In 1995, Joel Craig Wilkerson was driving Westbound on Stateline Road in DeSoto County, Mississippi. He struck the vehicle driven by Cynthia McGowan in a head on collision. Witnesses to the accident included Wilkerson, McGowan and Candida Sears, who claims to have witnessed the accident through her rear view mirror. Randy Parks also witnessed Wilkerson driving recklessly shortly before the accident. Juanita Wilson, a passenger in McGowan’s vehicle, was pronounced dead after arrival.

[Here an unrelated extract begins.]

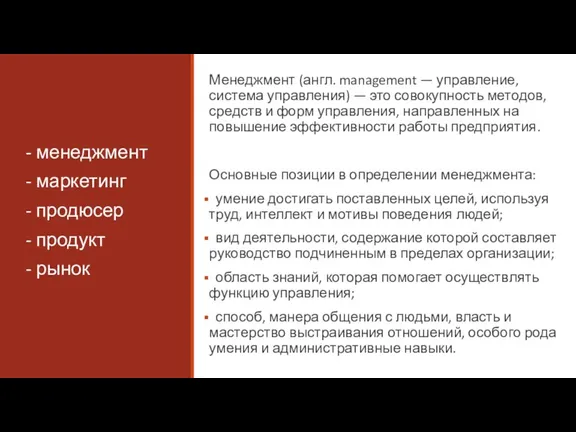 Менеджмент (англ. management — управление, система управления) — это совокупность методов, средств и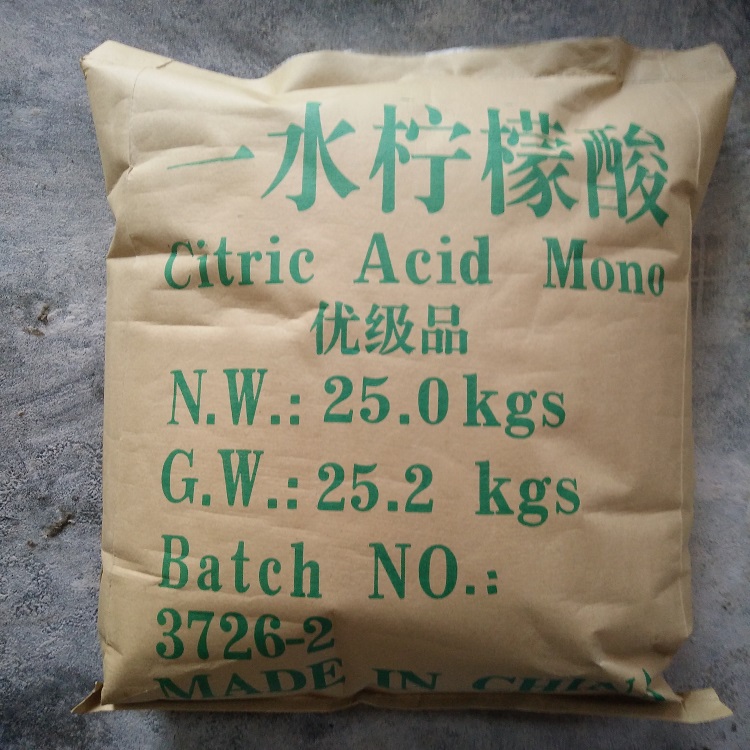 批发供应优质级柠檬酸高含量柠檬酸污水处理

Officer Max Herring of the Southaven Police Department gained the assistance of Sherri Reinberg, a nurse with the Regional Medical Center to draw Wilkerson’s blood. This was done without a warrant. It was determined to be .15% ethyl alcohol.
Wilkerson was convicted of felony DUI and sentenced to 20 years. On appeal, he argued there was no probable cause for the blood draw. MSC affirmed.
Probable cause for a search is a common sense determination that the facts and circumstances known to the police officer, either through his own direct knowledge or gained second-hand from reliable sources, are such that contraband or evidence material to a criminal investigation will be found in a particular place. It must be more than mere or reasonable suspicion, but it need not meet the requirements of proof beyond a reasonable doubt.
We noted in Longstreet v. State, 592 So. 2d 16 (Miss. 1991), that blood searches based upon probable cause are legal.
In this case, Officer Herring knew from his personal knowledge and from statements of eyewitnesses that (1) Wilkerson had been involved in a head-on collision; (2) that the collision occurred in the other vehicle’s traffic lane; (3) that just before the collision Wilkerson had been driving recklessly and at a very high rate of speed and almost sideswiped another car just before the accident; and (4) that Wilkerson, immediately after the collision had a strong odor of intoxicants about him.
Considering these facts that were available to Officer Herring immediately following the accident, probable cause existed to withdraw a blood sample from Wilkerson.